The world knows her as ‘Magnificent Mary’, by occupation she is a police officer, her main hobby is martial arts and she is the mother of three. And she is one of the rare Indian athletes on whom a super-duper biopic has been made.
Her boxing credentials could put any top Indian athlete to shade. She is a five-time world champion, an Olympic bronze medallist, and on Wednesday became the first Indian woman boxer to clinch an Asian Games gold.
At 31, with three kids to raise with the youngest, Prince Chungthanglen, a toddler, she decided to get back to the boxing ring. Training like a woman possessed and determined to get back into the national squad, she won her biggest test at the Seonhak Gymnasium.
So, when Mary met the 2010 Asian championship winner in the final, everyone knew it would be tough, especially since this was the first international event the tiny Manipuri was competing in after the London Olympics.
Read: MC Mary Kom - unboxed
But the spring in Mary’s steps was unmistakeable, her body language positive. She had entered the ring to win. The young Kazakh was taking her chances and making Mary Kom strain her ageing legs but little realising that the final burst was yet to come.
A cracking left jab in the first round did rattle Mary. “Yes, the Kazakh girl was good and moved quite well, but I knew that to overcome the challenges at the Asian Games, I had to build my endurance. I didn’t want to lose like I did at Guangzhou (2010), where I finished with a bronze,” said the champion boxer.
The moment she entered the hall with her entourage, chants of ‘Mary, Mary’ virtually brought the ceiling down. It seemed everyone, irrespective of nationality, was willing Mary to win.
Of course, there were distractions, the biggest of all being L Sarita Devi being denied a certain place in the final by the judges “in one of the most one-sided decisions I have witnessed”.
Even national coach Gurbax Singh Sandhu felt before the bout that Mary could get affected as the two “always prefer to be roommates when they are on international assignments”.
To get back the positive feeling in the camp, Manipuri dish, Iromba, was prepared in the night, and it lifted the spirits somewhat. The rest Mary Kom had to do in the ring. “I worried a lot about Sarita the whole night, but I also thought I could ease her suffering by winning gold.”

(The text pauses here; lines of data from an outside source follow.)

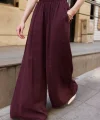 Modal Kumaş Bol Kesim Pantolon-Mürdüm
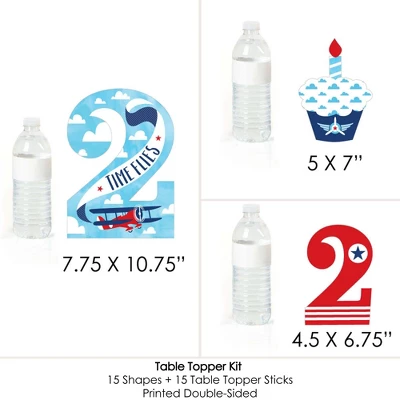 Big Dot Of Happiness 2nd Birthday Taking Flight - Airplane - Vintage Plane Second Birthday Party Centerpiece Sticks - Table Toppers - Set Of 15 6 Big Dot Of Happiness 2nd Birthday Taking Flight - Airplane - Vintage Plane Second Birthday Party Centerpiece Sticks - Table Toppers - Set Of 15 - Image 6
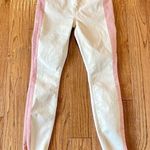 Mother the looker ankle fray white with pink stripe jeans 26 Photo 4
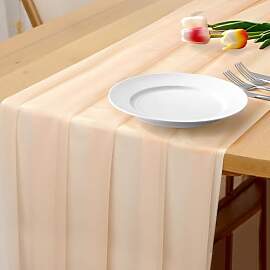Bouiexye Chiffon Tischläufer 75x300 cm Natural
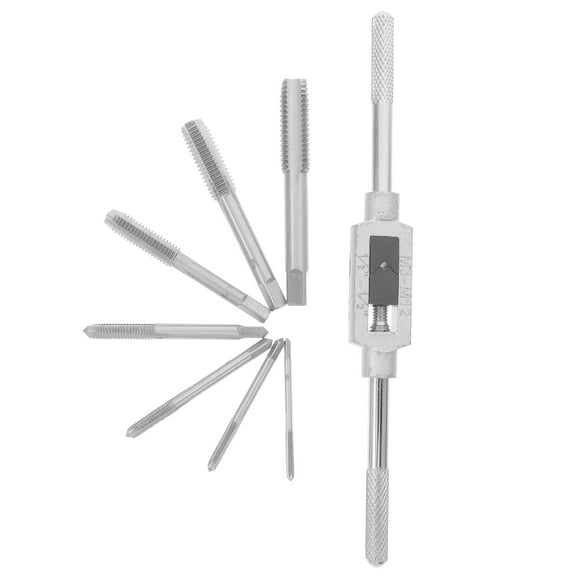WHAMVOX 1 Set 7pcs Tapping Tools Manual Screw Tap Multifuction Ratchet Tap Silver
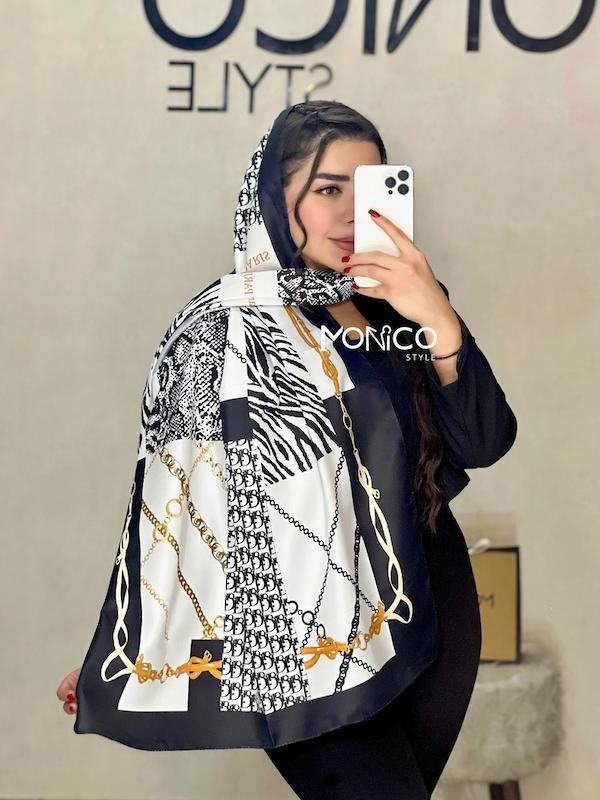 شال ابریشم DIOR زمینه سفید کد2168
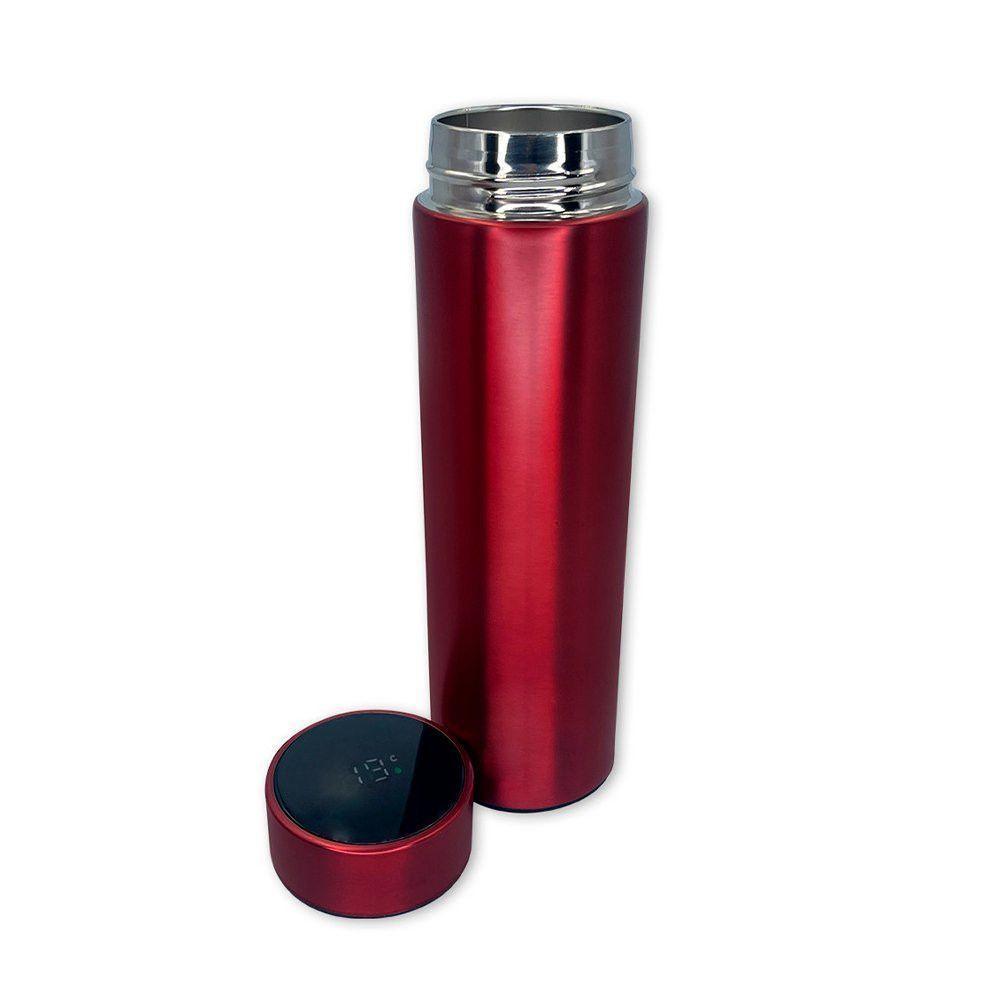 Garrafa Térmica Medidor Temperatura Digital Squeeze Portátil Vermelha - 1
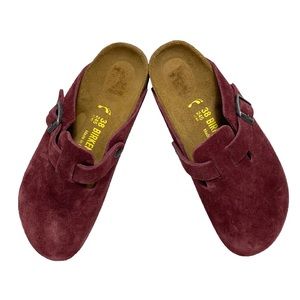 Birkenstock Maroon Suede Slip On Comfort Clogs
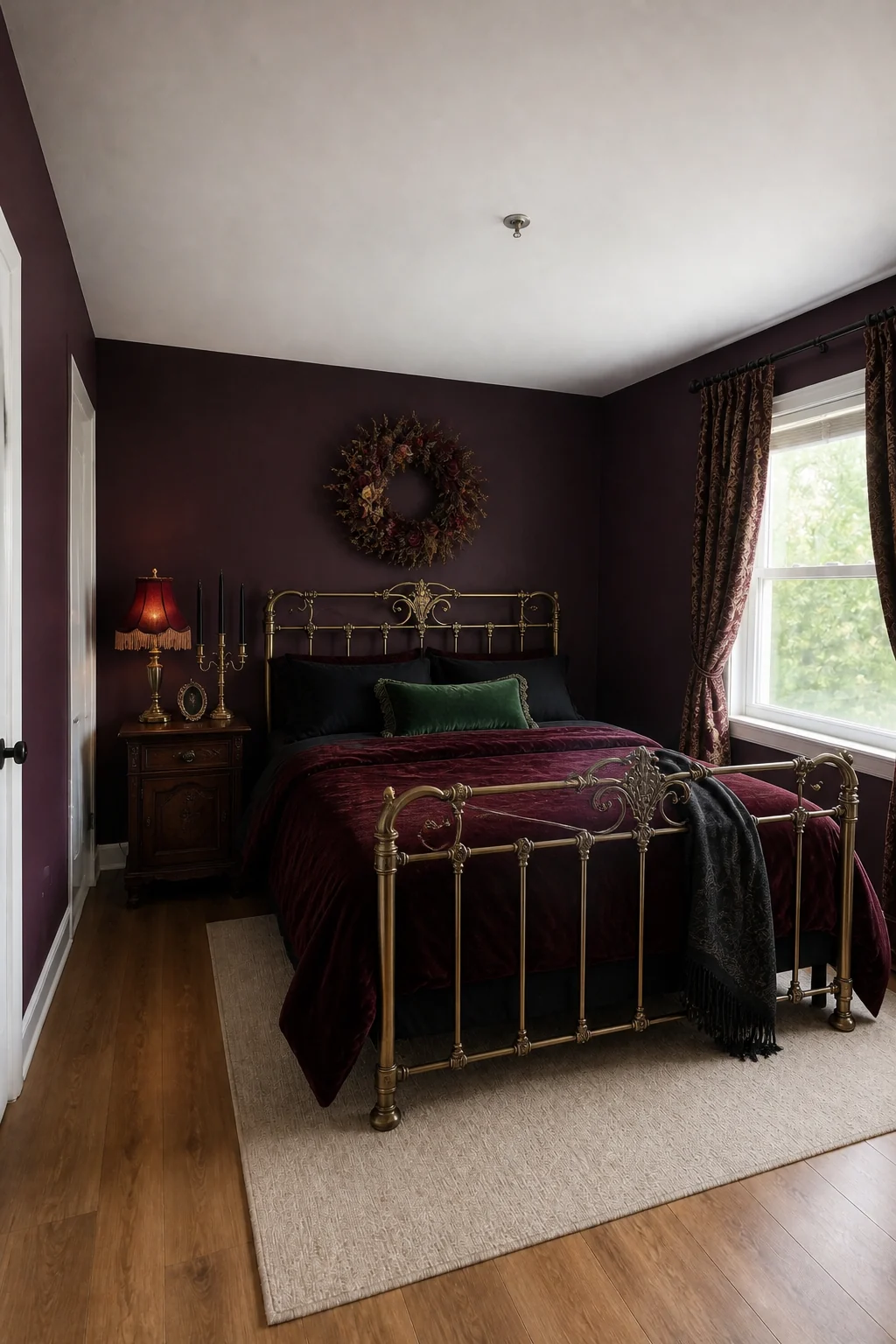 The same room styled as Moody Victorian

And the first person she hugged on stepping out of the ring with gold was Sarita. Tears of joy welled in the eyes of both boxers and Sarita seemed to bask in Mary’s glory. Outside the arena, hundreds waited to congratulate the Indian on her maiden Asian Games gold, and her coaches waxed eloquent on how they had brought her to this level in a span of just a few months.
It started before the Commonwealth Games when she lost the national trials to Pinki Jangra and failed to make it to Glasgow squad. And when she caused a furore after the Asiad trials were postponed, everyone thought she was being extremely rigid.
No one thought she was only counting every second out of the ring as time wasted. She beat her opponent hands down in the trials and arrived in Incheon.
In the final, the Kazakh boxer was tough and after the first round it was difficult to decide who had the upperhand. The second too was close but the last two sealed it in Mary’s favour. Technically, she looked the better boxer by far. Mary had the experience and she seemed to dig deep into reserves of energy.
By the time the bout ended, no one had a doubt who the champion was.